Downing Street is known to favour the idea and is expected to make a decision later in the year. But it is strongly opposed by heads and teachers' leaders who believe it will devalue the A and B grades achieved by pupils and place already overstretched pupils under further strain.

One insider predicted that today's results would see the percentage of A-grade passes rise to about 23.3per cent. But there is unlikely to be any major change in last year's overall pass rate of 96.2 per cent.

Girls are likely to outperform boys again - with nearly one in four achieving A-grade passes. Today's results are also set to show a further rise in the number of candidates opting to take religious studies - up 16.9 per cent to 14,418 last year. Senior examiners say pupils have opted for the subject because of the world situation. They want to have an understanding of the complexities of the faith communities, said one, in the wake of terror threats.

Even if the A-grade pass rate today holds firm at last year's record, university admissions tutors still believe it will make impossible the task of choosing candidates for popular courses such as law and medicine. Professor Alan Smithers, of the Centre for Education and Employment at the University of Buckingham, said: "An A* grade would help universities to choose the really talented. You would be able to see all those who had scored over 90 per cent."

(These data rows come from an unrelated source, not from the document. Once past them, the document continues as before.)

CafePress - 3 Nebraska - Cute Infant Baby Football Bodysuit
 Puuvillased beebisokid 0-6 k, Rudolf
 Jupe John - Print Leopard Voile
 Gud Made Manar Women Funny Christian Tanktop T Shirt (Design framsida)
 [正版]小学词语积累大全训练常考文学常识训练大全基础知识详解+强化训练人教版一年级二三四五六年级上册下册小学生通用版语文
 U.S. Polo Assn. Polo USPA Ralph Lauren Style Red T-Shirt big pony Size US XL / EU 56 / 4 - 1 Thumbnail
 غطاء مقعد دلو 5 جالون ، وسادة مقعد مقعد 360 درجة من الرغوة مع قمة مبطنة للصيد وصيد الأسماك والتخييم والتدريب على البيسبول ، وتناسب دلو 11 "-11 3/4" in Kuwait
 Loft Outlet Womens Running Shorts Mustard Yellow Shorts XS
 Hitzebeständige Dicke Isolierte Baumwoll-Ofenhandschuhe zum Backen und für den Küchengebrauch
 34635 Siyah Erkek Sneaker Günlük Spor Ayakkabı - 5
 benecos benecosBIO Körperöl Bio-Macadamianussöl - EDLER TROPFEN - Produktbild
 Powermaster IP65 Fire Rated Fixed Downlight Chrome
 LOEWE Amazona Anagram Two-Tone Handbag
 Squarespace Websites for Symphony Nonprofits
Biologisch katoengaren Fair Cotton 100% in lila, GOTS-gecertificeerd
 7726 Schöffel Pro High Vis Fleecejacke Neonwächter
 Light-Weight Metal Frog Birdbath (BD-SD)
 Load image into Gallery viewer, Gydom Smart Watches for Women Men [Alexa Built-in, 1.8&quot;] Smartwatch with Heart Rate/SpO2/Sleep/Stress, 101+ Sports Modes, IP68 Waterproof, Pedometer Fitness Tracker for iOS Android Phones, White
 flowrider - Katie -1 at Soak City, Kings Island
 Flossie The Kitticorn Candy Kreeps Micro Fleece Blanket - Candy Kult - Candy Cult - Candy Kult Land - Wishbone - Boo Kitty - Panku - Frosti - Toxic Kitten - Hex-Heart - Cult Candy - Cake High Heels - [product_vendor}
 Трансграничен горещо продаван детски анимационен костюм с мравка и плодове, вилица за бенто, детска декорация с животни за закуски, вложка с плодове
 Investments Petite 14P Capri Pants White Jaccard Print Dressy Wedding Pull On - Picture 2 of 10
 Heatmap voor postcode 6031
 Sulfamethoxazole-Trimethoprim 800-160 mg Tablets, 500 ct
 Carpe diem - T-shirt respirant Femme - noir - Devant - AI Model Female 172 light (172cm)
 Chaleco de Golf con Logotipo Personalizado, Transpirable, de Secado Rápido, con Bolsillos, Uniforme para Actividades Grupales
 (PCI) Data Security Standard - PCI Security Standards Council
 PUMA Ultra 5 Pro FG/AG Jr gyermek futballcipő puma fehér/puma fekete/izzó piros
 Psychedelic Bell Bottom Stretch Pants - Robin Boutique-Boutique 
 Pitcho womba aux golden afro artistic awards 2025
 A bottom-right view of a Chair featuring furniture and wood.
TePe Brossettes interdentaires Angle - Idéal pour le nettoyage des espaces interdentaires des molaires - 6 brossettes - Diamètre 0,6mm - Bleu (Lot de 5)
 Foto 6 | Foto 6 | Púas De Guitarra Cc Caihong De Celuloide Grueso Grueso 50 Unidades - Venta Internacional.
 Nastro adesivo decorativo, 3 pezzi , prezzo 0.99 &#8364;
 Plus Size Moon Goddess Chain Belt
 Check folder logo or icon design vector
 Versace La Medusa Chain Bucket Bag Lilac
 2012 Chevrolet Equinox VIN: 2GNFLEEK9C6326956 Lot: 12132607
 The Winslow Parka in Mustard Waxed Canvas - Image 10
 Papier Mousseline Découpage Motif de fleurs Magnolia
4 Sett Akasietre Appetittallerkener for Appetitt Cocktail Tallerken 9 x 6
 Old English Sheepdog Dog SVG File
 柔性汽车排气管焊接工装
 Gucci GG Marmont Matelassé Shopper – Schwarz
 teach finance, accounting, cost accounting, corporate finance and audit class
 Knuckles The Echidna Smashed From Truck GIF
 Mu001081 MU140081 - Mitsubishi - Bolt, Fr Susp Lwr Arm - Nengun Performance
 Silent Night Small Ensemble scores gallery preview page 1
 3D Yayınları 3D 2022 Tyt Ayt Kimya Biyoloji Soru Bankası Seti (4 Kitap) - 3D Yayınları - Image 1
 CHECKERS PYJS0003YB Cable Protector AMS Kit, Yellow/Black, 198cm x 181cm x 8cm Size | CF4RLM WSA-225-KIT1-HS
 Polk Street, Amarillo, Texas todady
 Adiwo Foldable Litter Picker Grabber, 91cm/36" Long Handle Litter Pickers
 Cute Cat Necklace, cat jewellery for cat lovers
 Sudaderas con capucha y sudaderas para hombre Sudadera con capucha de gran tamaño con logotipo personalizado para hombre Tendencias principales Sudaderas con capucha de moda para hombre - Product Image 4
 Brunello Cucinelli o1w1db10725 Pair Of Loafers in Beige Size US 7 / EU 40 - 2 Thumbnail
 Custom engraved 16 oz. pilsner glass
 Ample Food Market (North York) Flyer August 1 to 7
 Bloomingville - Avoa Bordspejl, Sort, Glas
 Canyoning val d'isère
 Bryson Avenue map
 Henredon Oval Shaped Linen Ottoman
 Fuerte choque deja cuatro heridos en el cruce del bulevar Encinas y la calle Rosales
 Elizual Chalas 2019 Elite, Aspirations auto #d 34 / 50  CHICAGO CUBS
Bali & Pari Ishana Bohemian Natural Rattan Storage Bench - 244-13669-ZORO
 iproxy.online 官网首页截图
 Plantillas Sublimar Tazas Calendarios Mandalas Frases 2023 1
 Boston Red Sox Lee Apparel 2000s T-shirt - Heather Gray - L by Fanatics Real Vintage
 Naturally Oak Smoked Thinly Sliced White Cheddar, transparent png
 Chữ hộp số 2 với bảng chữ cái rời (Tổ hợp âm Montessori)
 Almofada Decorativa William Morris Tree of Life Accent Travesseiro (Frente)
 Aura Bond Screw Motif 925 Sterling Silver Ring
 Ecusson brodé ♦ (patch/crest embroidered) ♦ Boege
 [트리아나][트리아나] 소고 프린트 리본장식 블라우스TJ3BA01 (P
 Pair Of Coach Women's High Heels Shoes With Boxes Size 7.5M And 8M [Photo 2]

Mike Creswell, director general of the Assessment and Qualifications Alliance - the largest exam board in the UK - acknowledged he had made a U-turn over the A* grade. "I believe we do have to start thinking about providing assistance to universities for those highly popular courses which are oversubscribed."

But John Dunford, general secretary of the Association of School and College Leaders, said the move would increase the stress on students - and devalue existing A and B-grade passes. "We already have the world's most tested children at 7, 11, 14, 16, 17 and 18," he said. "When they introduced the A* grade at GCSE it increased stress - with more teenage girls suffering from anorexia. We don't need it."